Task prompt: Each line from the one containing "Pulsera Cubana de" through the last line of the records below is to be repeated as written, with nothing added.

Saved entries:
+-------+

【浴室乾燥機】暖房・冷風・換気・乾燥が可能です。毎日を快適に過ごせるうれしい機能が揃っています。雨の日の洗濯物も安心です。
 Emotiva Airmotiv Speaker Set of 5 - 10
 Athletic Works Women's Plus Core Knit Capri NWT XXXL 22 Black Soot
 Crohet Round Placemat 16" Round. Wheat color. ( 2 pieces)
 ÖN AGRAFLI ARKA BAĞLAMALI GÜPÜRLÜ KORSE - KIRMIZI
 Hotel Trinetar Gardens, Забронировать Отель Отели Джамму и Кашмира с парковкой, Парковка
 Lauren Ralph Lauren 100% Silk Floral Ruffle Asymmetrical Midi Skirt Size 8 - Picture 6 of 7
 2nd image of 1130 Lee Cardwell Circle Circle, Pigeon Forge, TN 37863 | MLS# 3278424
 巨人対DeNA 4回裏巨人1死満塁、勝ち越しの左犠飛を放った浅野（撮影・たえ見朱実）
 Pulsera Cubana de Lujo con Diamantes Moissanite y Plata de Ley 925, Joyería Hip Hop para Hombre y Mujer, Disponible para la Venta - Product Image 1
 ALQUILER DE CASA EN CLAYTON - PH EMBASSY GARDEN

+-------+

Your response:
 Pulsera Cubana de Lujo con Diamantes Moissanite y Plata de Ley 925, Joyería Hip Hop para Hombre y Mujer, Disponible para la Venta - Product Image 1
 ALQUILER DE CASA EN CLAYTON - PH EMBASSY GARDEN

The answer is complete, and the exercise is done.